- Exercise: Set down all of the data that follows word for word, without the images.

- Information shown:
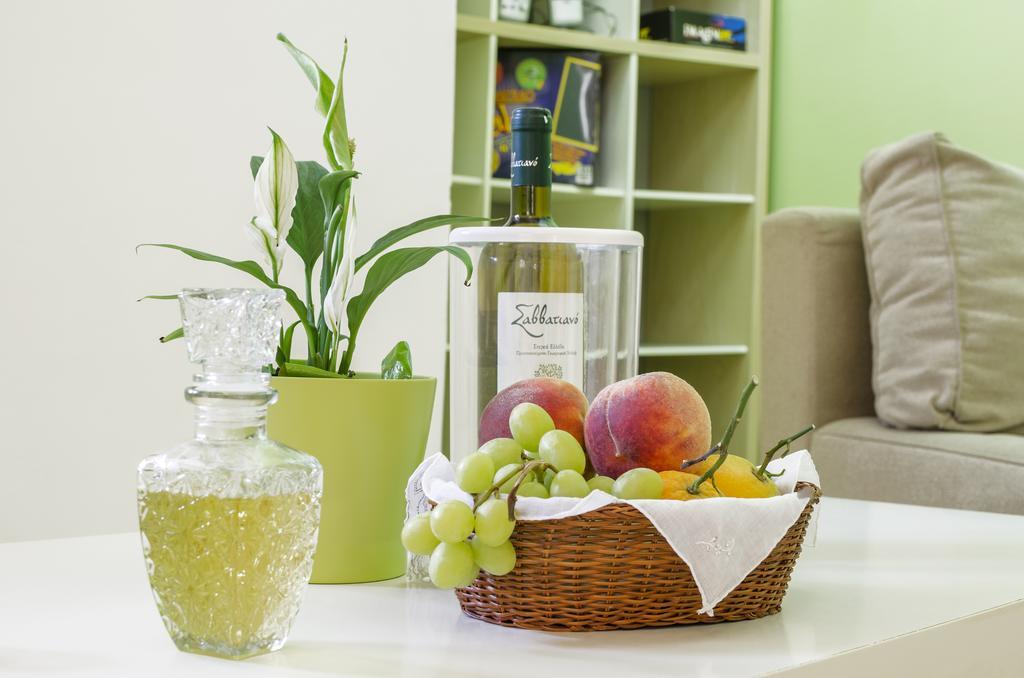 Garden House Palaio Faliro Athen Eksteriør billede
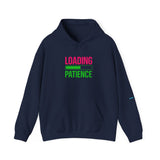 Loading Patience Zero Percent — Hoodie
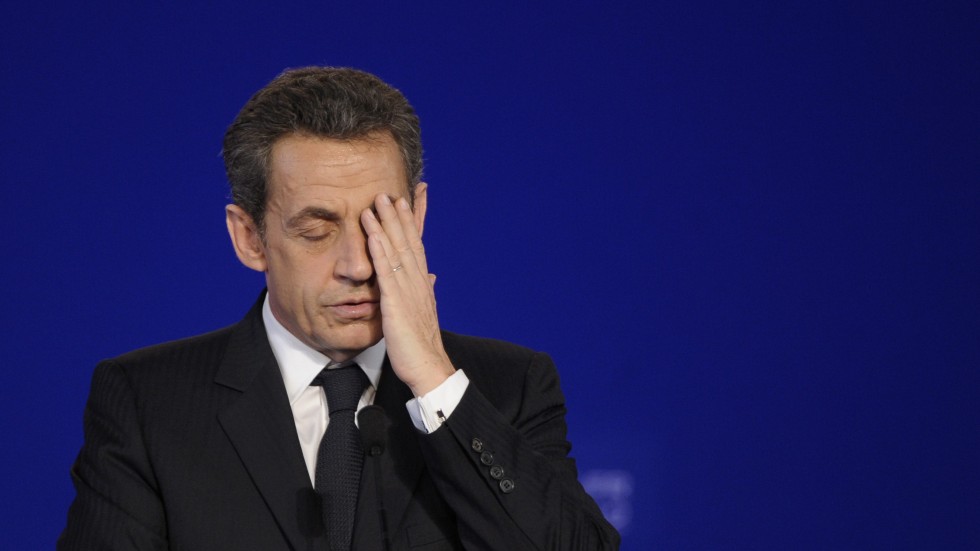 Признаха Саркози за виновен за незаконно финансиране на предизборната му кампания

- Finished task:
 Garden House Palaio Faliro Athen Eksteriør billede
 Loading Patience Zero Percent — Hoodie
 Признаха Саркози за виновен за незаконно финансиране на предизборната му кампания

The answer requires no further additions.